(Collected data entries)
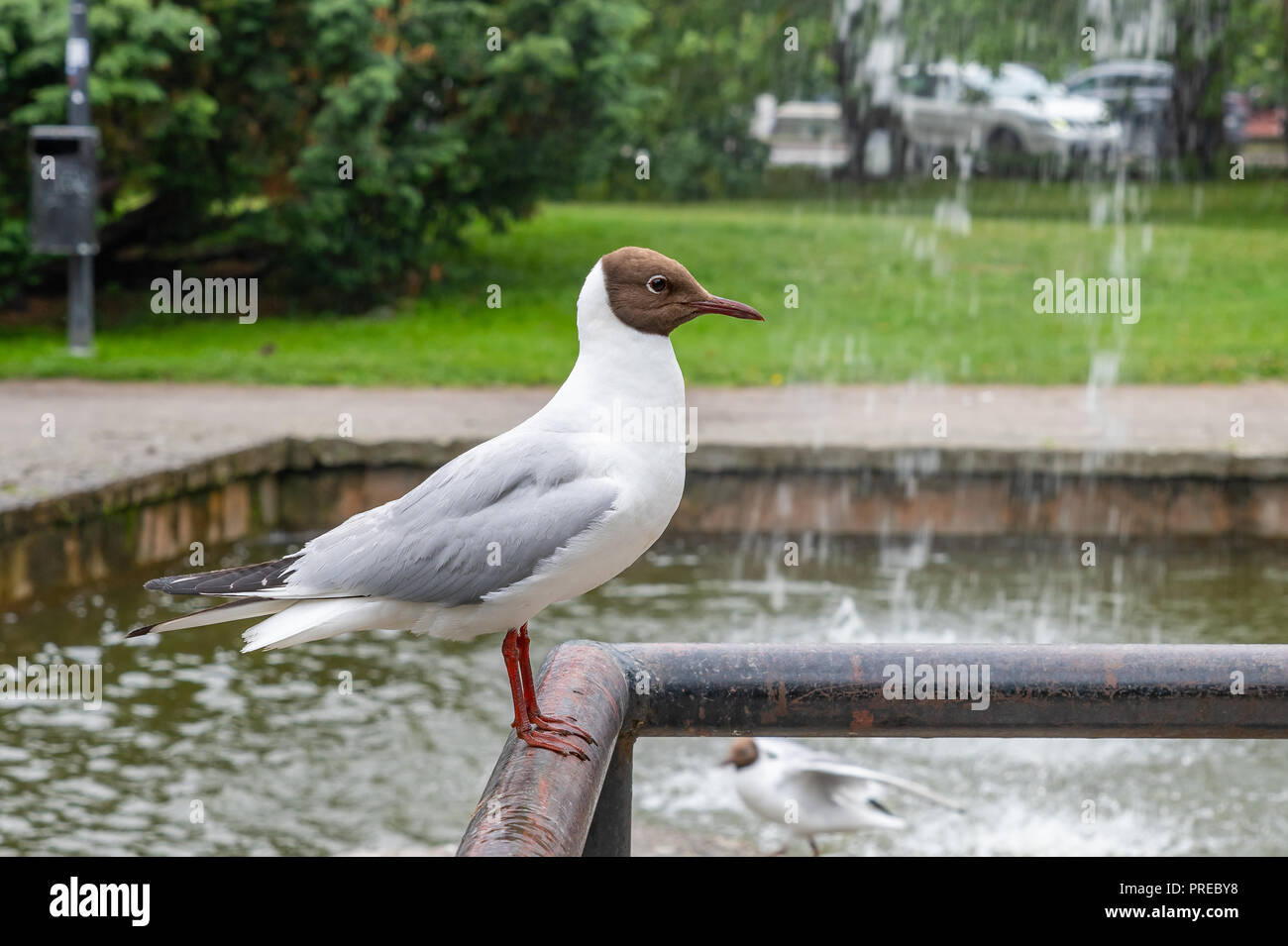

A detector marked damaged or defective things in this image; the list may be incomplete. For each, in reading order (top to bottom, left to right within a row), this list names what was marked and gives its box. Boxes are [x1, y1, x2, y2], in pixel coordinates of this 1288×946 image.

rusty metal pipe [458, 643, 628, 859]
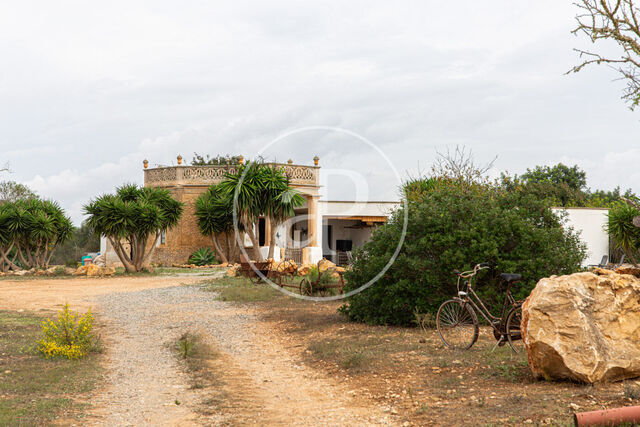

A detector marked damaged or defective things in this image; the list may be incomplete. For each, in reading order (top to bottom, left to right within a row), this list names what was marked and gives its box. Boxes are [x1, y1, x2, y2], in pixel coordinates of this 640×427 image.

rusty pipe [576, 406, 640, 426]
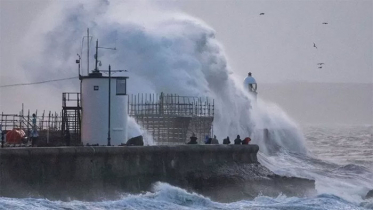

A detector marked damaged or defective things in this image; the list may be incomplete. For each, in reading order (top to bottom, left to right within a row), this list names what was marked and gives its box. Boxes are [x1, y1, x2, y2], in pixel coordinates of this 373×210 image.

rusty metal structure [128, 92, 214, 144]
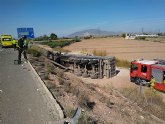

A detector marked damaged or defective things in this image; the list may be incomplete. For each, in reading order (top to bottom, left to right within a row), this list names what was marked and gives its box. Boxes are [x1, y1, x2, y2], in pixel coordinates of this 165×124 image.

overturned truck [42, 49, 116, 78]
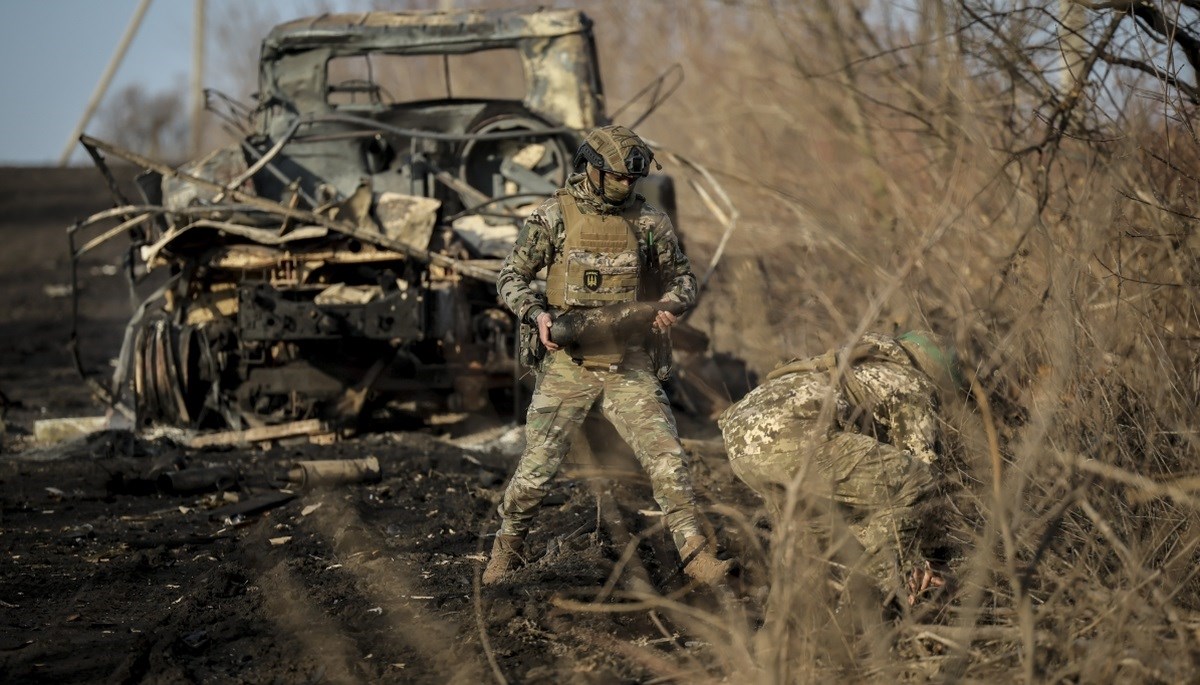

_TO DO_.
Quote every record above exactly, omitting any pictures they contain.

_SOLUTION FOR THIS TASK_.
A detector marked damaged or defective things in this image; the list may be incomplete. For each, in reading order (top to bottom, left to right within a row), this list names what was marked and gives its box. Boxes are [x1, y1, x2, y2], in pixel coordinates of this 1288×946 image.

rusty metal pipe [458, 643, 628, 859]

A detector marked damaged or defective things in this image; the list may be incomplete. For each, in reading order (top to bottom, left to right within a row), this list names what was marked and gives its box. Boxes are [x1, y1, x2, y2], in pixel coordinates of this 640×427 image.

rusty pipe [576, 406, 640, 426]

A detector marked damaged or defective things in this image; the list may be incomplete. For each, in reading order (top to bottom, left to right within a row), this list names what was marked and gives its box. Boxes are [x1, y1, x2, y2], in pixel coordinates of this 373×210 image.

rusty metal structure [128, 92, 214, 144]

A detector marked damaged or defective things in this image; the list may be incomplete. For each, in reading order (top to bottom, left to right within a row), this list names what was marked and gives its box. Boxes are [x1, y1, x2, y2], in pixel coordinates of this 165×124 image.

overturned truck [42, 49, 116, 78]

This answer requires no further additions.